- Born: Dawaymeh, near Hebron
- Died: October 1929 Jerusalem
- Occupation(s): Head of Mount Hebron farmers' party, Founder of Muslim National Associations
- Known for: Collaboration with Zionists, Assassination near Herod's Gate

= Musa Hadeib =

Palestinian politician

Sheikh Musa Hadeib was the head of Mount Hebron farmers' party and a founder of the Zionist-supported Muslim National Associations. He was from the village of Dawaymeh near Hebron.

In October 1929, Musa Hadeib was killed near Herod's Gate in Jerusalem, accused of collaborating with the Zionists. His killers were never apprehended, but both his family and the Zionist Executive claimed that the followers of Amin al-Husseini, the Grand Mufti of Jerusalem and the leader of the Supreme Muslim Council, were responsible. His killers, according to Zionist intelligence, were three men dressed as women, from the Maraqa clan of Hebron.

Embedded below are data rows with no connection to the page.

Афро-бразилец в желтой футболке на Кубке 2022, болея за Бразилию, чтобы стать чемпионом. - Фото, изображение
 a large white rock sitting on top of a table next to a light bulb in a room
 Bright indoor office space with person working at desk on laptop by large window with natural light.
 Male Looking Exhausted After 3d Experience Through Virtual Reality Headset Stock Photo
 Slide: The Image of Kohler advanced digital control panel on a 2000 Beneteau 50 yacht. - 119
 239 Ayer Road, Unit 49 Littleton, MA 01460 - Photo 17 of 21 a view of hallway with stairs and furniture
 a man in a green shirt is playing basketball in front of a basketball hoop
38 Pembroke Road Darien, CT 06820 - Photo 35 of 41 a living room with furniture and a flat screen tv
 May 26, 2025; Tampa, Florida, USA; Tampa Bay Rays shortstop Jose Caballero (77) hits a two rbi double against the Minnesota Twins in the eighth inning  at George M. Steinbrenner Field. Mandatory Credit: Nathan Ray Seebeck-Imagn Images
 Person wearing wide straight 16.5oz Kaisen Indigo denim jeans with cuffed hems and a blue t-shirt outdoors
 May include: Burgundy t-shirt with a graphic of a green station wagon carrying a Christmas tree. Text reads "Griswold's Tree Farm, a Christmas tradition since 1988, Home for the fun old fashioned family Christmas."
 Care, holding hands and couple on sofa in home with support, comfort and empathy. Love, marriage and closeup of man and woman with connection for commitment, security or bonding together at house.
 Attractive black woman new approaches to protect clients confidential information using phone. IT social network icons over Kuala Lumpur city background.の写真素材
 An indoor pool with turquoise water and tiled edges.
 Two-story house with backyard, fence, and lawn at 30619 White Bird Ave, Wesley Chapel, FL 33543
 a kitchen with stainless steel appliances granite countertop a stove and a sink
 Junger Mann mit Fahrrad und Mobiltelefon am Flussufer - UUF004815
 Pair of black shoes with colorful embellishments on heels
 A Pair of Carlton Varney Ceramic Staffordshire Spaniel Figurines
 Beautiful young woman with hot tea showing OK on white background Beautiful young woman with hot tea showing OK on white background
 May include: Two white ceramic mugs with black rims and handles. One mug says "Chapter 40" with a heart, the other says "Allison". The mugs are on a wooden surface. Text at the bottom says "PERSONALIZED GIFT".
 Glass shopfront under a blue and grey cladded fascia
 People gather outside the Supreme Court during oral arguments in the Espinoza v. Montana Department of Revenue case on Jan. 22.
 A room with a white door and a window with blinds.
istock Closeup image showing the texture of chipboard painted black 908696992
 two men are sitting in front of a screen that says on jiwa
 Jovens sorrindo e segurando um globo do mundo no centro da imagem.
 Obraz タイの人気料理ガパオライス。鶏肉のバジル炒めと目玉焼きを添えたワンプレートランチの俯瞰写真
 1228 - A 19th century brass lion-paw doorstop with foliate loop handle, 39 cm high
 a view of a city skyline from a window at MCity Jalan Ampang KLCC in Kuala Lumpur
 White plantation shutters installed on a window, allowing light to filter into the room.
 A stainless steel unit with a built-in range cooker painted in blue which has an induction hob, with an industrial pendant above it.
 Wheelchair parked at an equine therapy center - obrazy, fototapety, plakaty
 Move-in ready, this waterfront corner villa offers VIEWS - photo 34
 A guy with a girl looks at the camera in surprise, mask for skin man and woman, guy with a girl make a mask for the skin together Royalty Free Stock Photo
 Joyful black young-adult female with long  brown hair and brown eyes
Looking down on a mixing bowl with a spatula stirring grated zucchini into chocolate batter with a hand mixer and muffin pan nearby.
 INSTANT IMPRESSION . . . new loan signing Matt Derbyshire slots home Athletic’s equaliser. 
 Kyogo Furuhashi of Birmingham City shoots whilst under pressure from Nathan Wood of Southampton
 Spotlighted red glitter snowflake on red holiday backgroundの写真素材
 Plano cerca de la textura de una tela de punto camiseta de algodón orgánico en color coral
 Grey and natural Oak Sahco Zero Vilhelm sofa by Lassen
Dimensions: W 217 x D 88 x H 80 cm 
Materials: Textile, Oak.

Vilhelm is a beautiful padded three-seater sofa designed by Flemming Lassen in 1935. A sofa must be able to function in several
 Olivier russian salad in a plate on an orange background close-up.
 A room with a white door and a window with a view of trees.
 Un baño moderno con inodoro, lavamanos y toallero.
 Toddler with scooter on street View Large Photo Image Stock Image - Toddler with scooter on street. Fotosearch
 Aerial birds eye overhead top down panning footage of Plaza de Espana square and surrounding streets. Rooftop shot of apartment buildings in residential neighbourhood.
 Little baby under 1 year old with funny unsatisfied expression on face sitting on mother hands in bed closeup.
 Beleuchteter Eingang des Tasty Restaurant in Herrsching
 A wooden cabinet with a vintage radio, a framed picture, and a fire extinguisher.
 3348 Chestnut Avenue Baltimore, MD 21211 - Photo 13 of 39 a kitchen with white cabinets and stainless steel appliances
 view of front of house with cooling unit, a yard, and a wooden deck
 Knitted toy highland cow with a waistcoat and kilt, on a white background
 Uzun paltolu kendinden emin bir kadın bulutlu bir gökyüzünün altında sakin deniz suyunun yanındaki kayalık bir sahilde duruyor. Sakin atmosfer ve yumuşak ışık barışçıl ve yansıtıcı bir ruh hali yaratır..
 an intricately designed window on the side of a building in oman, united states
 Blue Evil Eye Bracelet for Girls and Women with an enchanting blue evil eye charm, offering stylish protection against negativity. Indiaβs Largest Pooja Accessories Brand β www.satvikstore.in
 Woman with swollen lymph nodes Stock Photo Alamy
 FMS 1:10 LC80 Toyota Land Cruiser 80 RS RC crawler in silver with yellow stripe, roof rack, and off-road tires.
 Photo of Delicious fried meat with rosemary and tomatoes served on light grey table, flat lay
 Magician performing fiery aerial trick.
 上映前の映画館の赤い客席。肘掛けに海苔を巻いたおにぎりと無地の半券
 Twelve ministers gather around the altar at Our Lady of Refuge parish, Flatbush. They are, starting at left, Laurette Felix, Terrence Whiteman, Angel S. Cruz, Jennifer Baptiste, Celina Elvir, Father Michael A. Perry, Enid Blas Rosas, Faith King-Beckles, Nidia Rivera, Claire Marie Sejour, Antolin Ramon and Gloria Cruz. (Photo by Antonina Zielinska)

The JTA reported the incident as having occurred on October 13, 1929 stating "Great excitement prevailed in Jerusalem today over the murder of Musa Isdeb, an Arab from a village near Hebron, who was killed at Herod’s Gate... It is presumed that the Arab is a victim of inner political enmities between Arab factions, the murdered man supposedly being active in propaganda against the Grand Mufti."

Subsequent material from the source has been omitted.